Work order: The reply should hold nothing except the lines from the one with "Der Labrador-R&uuml;de Ringo" through the end of the entries, duplicated exactly and with no pictures.

Extracted data entries:

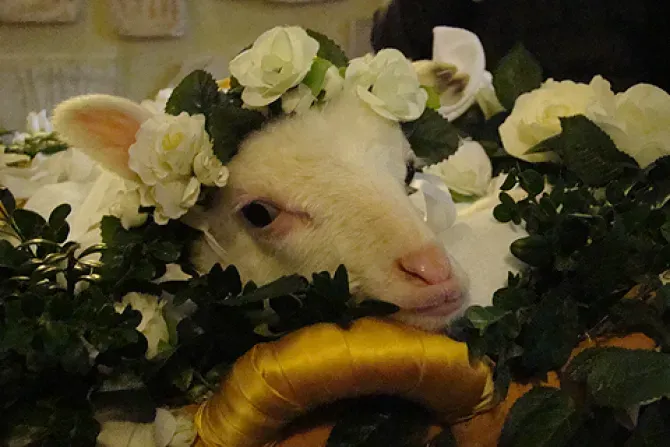 A lamb is wreathed in flowers during a special Mass for the feast of St. Agnes at the Basilica of St. Agnes Outside the Wall on Jan. 21, 2014. | Credit: Paul Badde/CNA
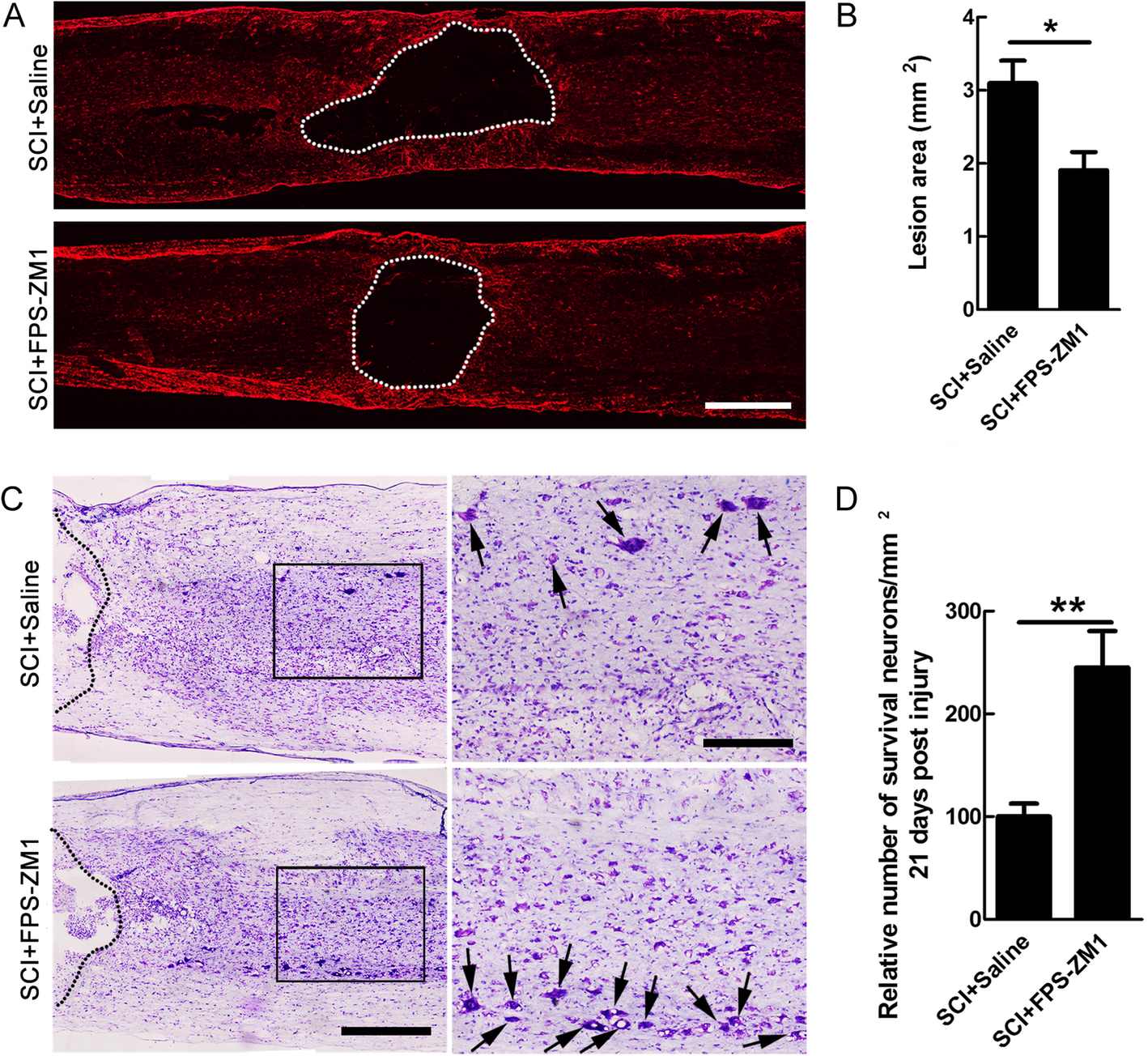 Fig. 7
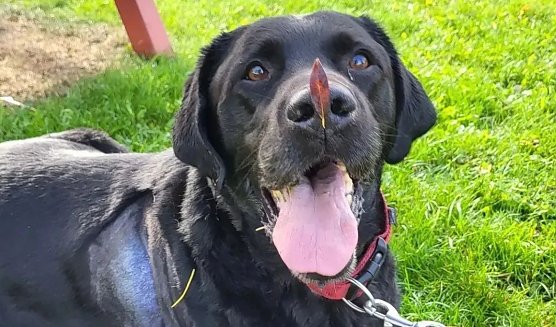 Der Labrador-R&uuml;de Ringo sucht ein neues Zuhause  (Foto: Tierheim Nordhausen)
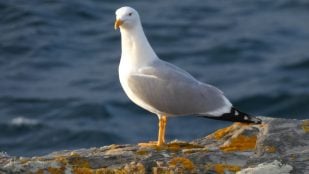 Gaviotas, Galicia, aves, naturaleza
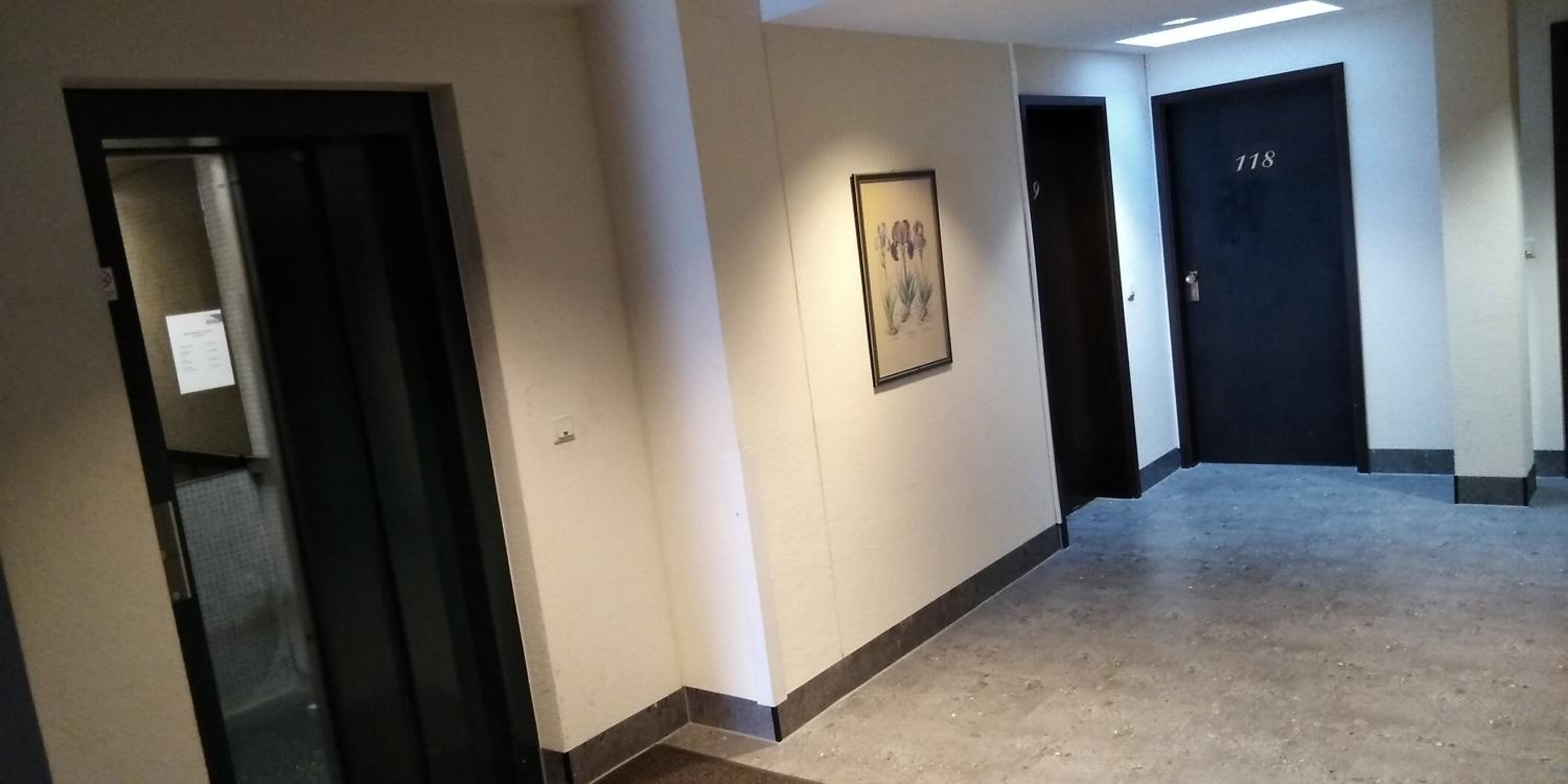 Photo 11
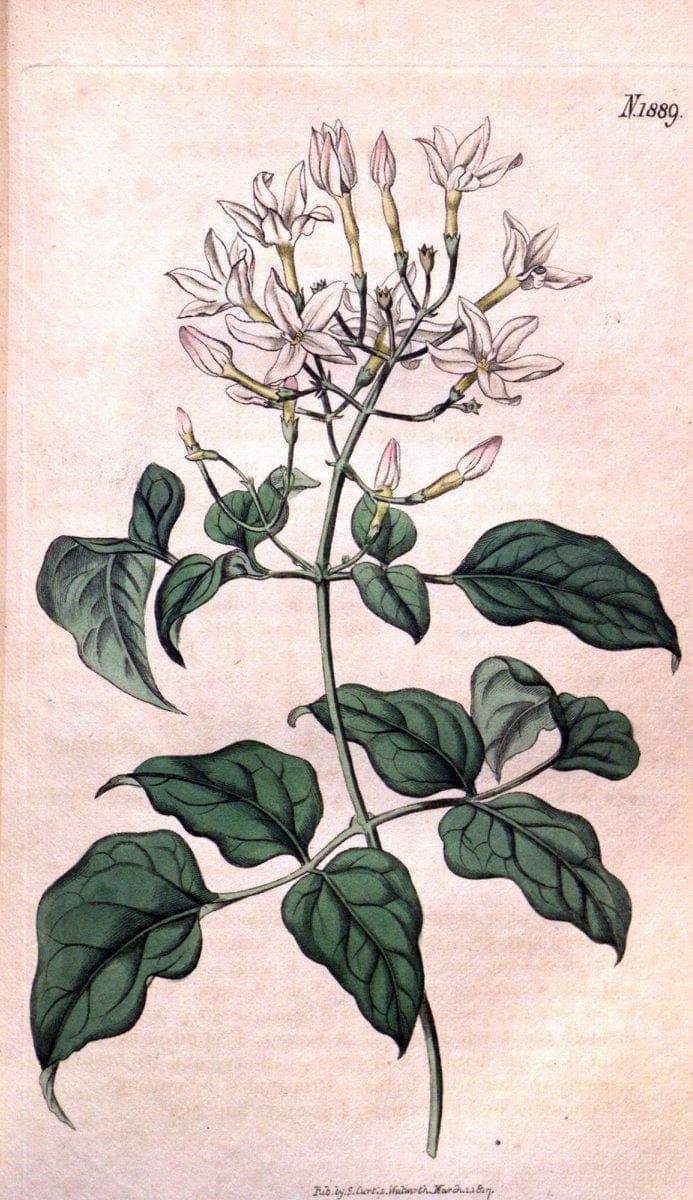 Curtis's botanical magazine. London ; New York [etc.] :Academic Press [etc.]. | "Botanical illustration" Botany Periodicals "Pictorial works" "Plants, Ornamental"  | Vintage Print Reproduction 457359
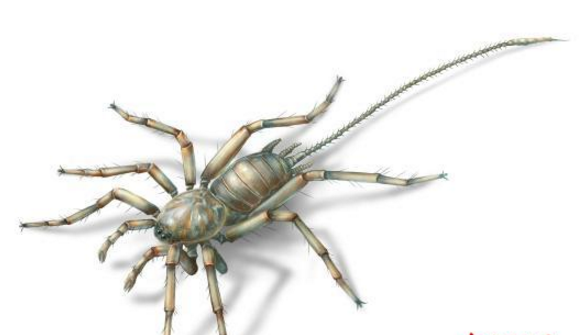 一亿年前缅甸琥珀中现神秘"长尾蜘蛛"(图)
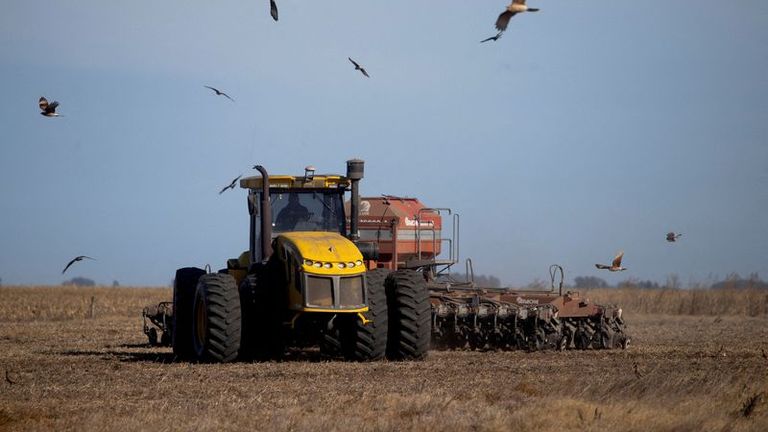 Los futuros de la soja y el trigo en EEUU caen, el maíz sube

Solution below:
 Der Labrador-R&uuml;de Ringo sucht ein neues Zuhause  (Foto: Tierheim Nordhausen)
 Gaviotas, Galicia, aves, naturaleza
 Photo 11
 Curtis's botanical magazine. London ; New York [etc.] :Academic Press [etc.]. | "Botanical illustration" Botany Periodicals "Pictorial works" "Plants, Ornamental"  | Vintage Print Reproduction 457359
 一亿年前缅甸琥珀中现神秘"长尾蜘蛛"(图)
 Los futuros de la soja y el trigo en EEUU caen, el maíz sube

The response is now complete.